Cuando la siguiente postulante se acomoda, Juanjuar la reconoce de inmediato como la chica destapadora del café. Antes de que puedan empezar, otro de los aspirantes se cae de bruces sobre la mesa. Alzando dos de las patas para que el cuerpo se deslice hacia abajo, Juanjuar se encara con su entrevistada.

—Y tú, ¿qué?

A manera de respuesta, la chica empieza a imitar las acciones de un mecánico. Los agentes y bomberos, reconociéndose en ella, bajan el trampolín para mirar.

—Basta —dice Juanjuar.

En lugar de detenerse, la chica traza lo que parece ser un cohete espacial.

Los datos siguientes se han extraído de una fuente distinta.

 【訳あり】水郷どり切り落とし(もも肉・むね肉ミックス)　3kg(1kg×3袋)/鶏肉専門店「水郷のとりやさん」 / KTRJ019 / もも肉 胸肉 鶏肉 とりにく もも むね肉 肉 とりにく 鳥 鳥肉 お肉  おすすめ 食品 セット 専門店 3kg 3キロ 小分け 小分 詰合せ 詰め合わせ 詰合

Sube en el cohete y corre en una serie de vertiginosos círculos alrededor del director, haciendo unos ruidosos zumbidos con los labios.

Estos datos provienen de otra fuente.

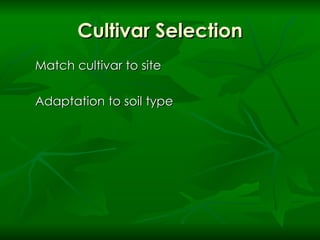 Cultivar Selection Match cultivar to site Adaptation to soil type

—¡Dije basta! —grita Juanjuar.

En eso, los agentes y bomberos –mecánicos nuevamente– agarran a Juanjuar y, lanzándolo en el trampolín, unen las esquinas para formar una gran bolsa de botín. Corren por las calles, por los parques, abriendo la bolsa de vez en vez para que la gente pueda presenciar a su cautivo, pellizcarlo, ofrecerle cacahuates y trozos de plátano y llenar su cabello de grava. Y Juanjuar pide, suplica, no que lo suelten –eso no– sino que un alma misericordiosa lo grabe, por favor, que grabe su humillación y que le envíe las tomas para que arme con ellas un cinedocumental digno de las mejores instalaciones del mundo. Pero el público está demasiado embobado para grabar y los pocos que lo hacen asoman sus extasiados rostros para hacer selfies de una manera tal que el material se vuelve inservible.

Arnoldo Juanjuar no se levanta ni a las cinco, ni a las seis, ni a las siete, preso en su bolsa de la mala fortuna. A las ocho, finalmente, los mecánicos y la chica llegan en desfile con él a la plaza principal, donde lo amarran al asta. Las sillas, el proyector y la pantalla ya están listos y la función empieza. Son las películas del director, por supuesto, empezando con Socorro subrepticio, siguiendo con La búsqueda de la reticencia y terminando, ya bien entrada la noche, con Fuerza de la inmovilidad. Al término del último filme, el invitado de honor es desatado y conducido al templete frente a los ojos atentos de un público que ni por un momento ha abandonado sus lugares. Después de un discurso adulatorio lleno de adornos y adjetivos, el alcalde presenta a Juanjuar con una medalla vistosa y las llaves de la ciudad. El director llora de la emoción. Los mecánicos y la chica, detrás de él en el templete, aplauden calurosamente. Luego, Juanjuar ve. A diferencia del recorrido en la bolsa, esta escena sí está siendo grabada: por un ejército de cámaras anónimas que rodean la plaza como si de un asedio se tratara. Los oficiales se bajan, uno por uno, del templete.

—¡Esperen! —dice Juanjuar.

Ahora los asistentes, obedientemente y con orden, van abandonando el espacio, dejando atrás unas largas filas de sillas de plástico.

—¡Esperen! ¡Llévenme! —grita Juanjuar.

Lo único que queda son las cámaras, todas enfocadas en él. Encima de ellas, un anillo de focos crea un charco infranqueable de iluminación cegadora.